Government confirms closure of FiT

The government published its response to the findings of its consultation on the closure of the Feed-In -Tariffs (FiT) scheme to new applicants from 31 March 2019. This confirmed that it would go ahead with the closure, including export tariffs. Released on Tuesday 18 December, the government said that this decision was reached following a consultation and “reflects our desire to move towards fairer, cost reflective pricing and the continued drive to minimise support costs on consumers as set out in the Control for Low Carbon Levies.” It added that the FiT scheme does not “support the vision set out in the Industrial Strategy and Clean Growth Strategy.” The announcement follows Energy and Clean Growth Minister Claire Perry stating in the Commons in November that “solar power should not be provided to the grid for free.”

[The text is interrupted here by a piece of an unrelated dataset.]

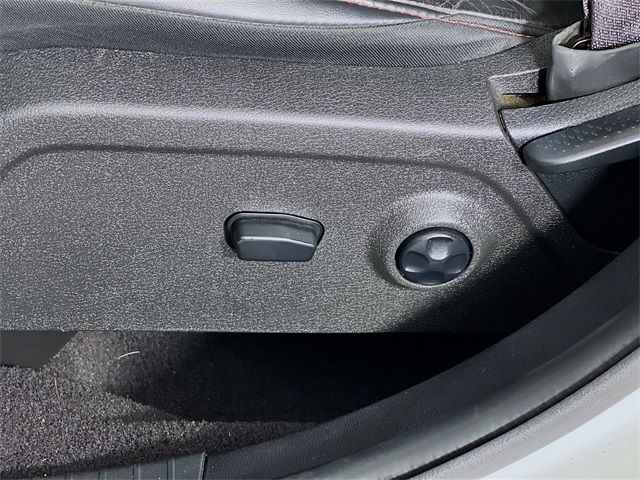 Vehicle image 34 of 42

BEIS proposes route to market for small-scale renewables

The government has announced a proposed replacement scheme for the export tariff under the FiT scheme, called the Smart Export Guarantee (SEG). Announced on Tuesday 8 January, the SEG is planned to guarantee new small-scale renewable electricity providers payment from suppliers for electricity exported to the grid. The proposed design would see BEIS mandate that larger electricity suppliers (>250,000 domestic electricity supply customers) offer small-scale generators a price per kWh for the electricity they export to the grid. Exported power would have to be metered, with suppliers obliged to provide at least one export tariff. Suppliers would determine the tariff per kWh for remuneration, and the length of the contract. Views are invited by 5 March. Government have said that this new mechanism should not have an impact on the amount of money that consumers pay for low carbon levies, and is in line with government’s strategy to introduce market -based solutions to aid the development of small-scale renewables

Capacity Market Supplier Charge to remain

A proposal has been raised to allow the collection of the Capacity Market (CM) charge that suppliers have to pay to subsidise the scheme while the scheme is at a standstill. As part of the suspension of the scheme all payments to capacity providers – which are funded by charges on the consumer bill – were stopped. It was argued that allowing suppliers to collect and pay the charge during the standstill would protect industry and consumers should the CM be reinstated. The funds would be withheld until the reinstatement of the scheme, at which point they would either be released to capacity providers or paid back to energy suppliers. The CM scheme currently contributes around 3% (£2.6/MWh) of total TPCs on the consumer electricity bill.